Ellis Washington’s second essay he wrote 30 years ago after becoming a Reagan conservative. What provoked him to write these essays was his vexation at the low level of intellectual rigor of his college newspaper.
What provoked me to write these essays was my vexation at the low level of intellectual rigor of our school newspaper. I grew weary of knowing what the sororities and fraternities did at their parties, who won the football, basketball and baseball games, or what girl would become homecoming queen. I wanted to read something substantive, something intellectually compelling, something that could improve the character, enlighten the mind, yea … even help fulfill the destiny of the reader! As I mused on this and the paradigm shift I was compelled to make during Christmas break 1982, I thought: why not write something myself?
My second published opus
Students Should Maintain Beliefs DePauw University (February 1983)
Our dialectical philosophy abolishes all the notions of absolute and definitive truth.
– Frederick Engels, “Eulogy to Karl Marx”
Since I entered the realm of higher education I have found myself overwhelmingly bombarded by a plethora of historical, educational, philosophical, sociological, psychological, religious, economic and political theories. I am having trouble assimilating these in conjunction with my own personal beliefs that were instilled in me by my parents.
My main concern deals with the origin of these various philosophies and theories and how they have permeated our educational system. Unless rectified, these veritable mind manipulators will obliterate all conceptions of reality, structure, form and morality from education.
Frederick Engels, in his eulogy to Kark Marx, said, “Our dialectical philosophy abolishes all the notions of absolute and definitive truth.” This quote is my focus in a nutshell.

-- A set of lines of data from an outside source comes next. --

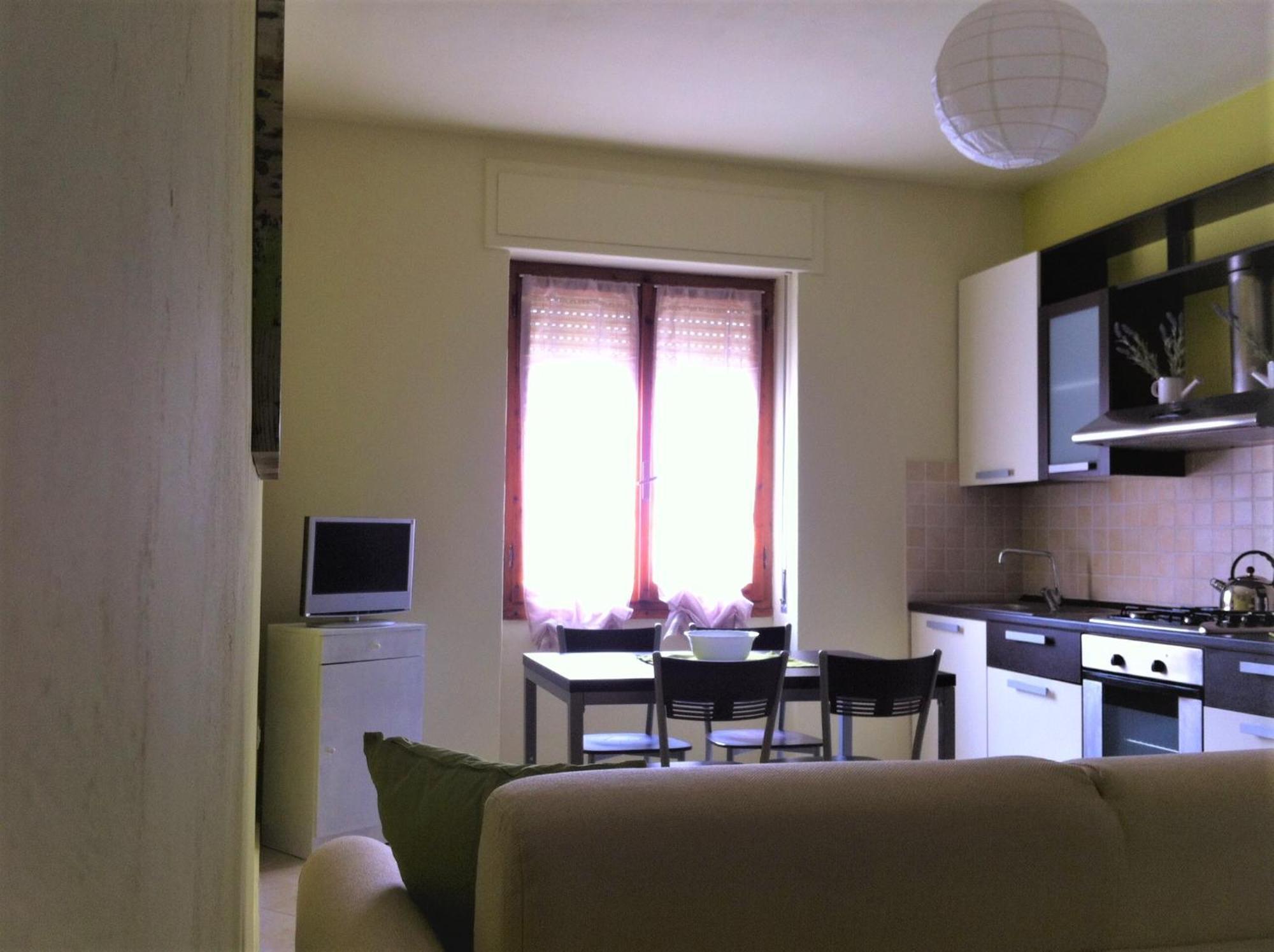 Seaside Holidays Apartment Алгеро Стая снимка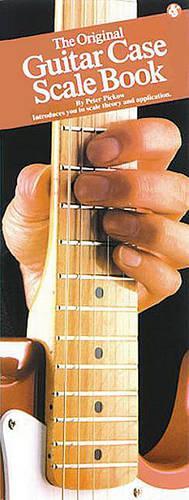 The Original Guitar Case Scale Book (Paperback)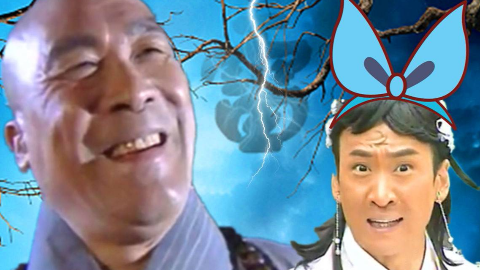 重温经典古装悬疑剧《少年包青天》第五案:五鼠闹相国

It is imperative that we understand the present situation that our own educational system is in and how it got there. The following men were the primary originators and developers of the type of educational dogma expressed today throughout Europe and America: Immanuel Kant (1724-1804) was an 18th century German philosopher. He never traveled more than 69 miles from his native Prussia, yet his philosophies are literally worshiped by our institutions of higher learning today.
Before Kantian philosophy, there was classical philosophy, which thought in terms of cause and effect. This means that if A is true then non-A cannot be true. Values were absolute.
George Hegel (1770-1831), “philosophical dictator of Germany,” took the ideas of Kant and expounded upon them in a more intellectually structured manner. Hegel glorified the state. He believed that one fact or idea (thesis) working against another fact (anti-thesis) would produce a new fact (synthesis). This [dialectical] philosophy was the basis of communism, the political and economic ideas of Karl Marx, and the National Socialism of Adolf Hitler.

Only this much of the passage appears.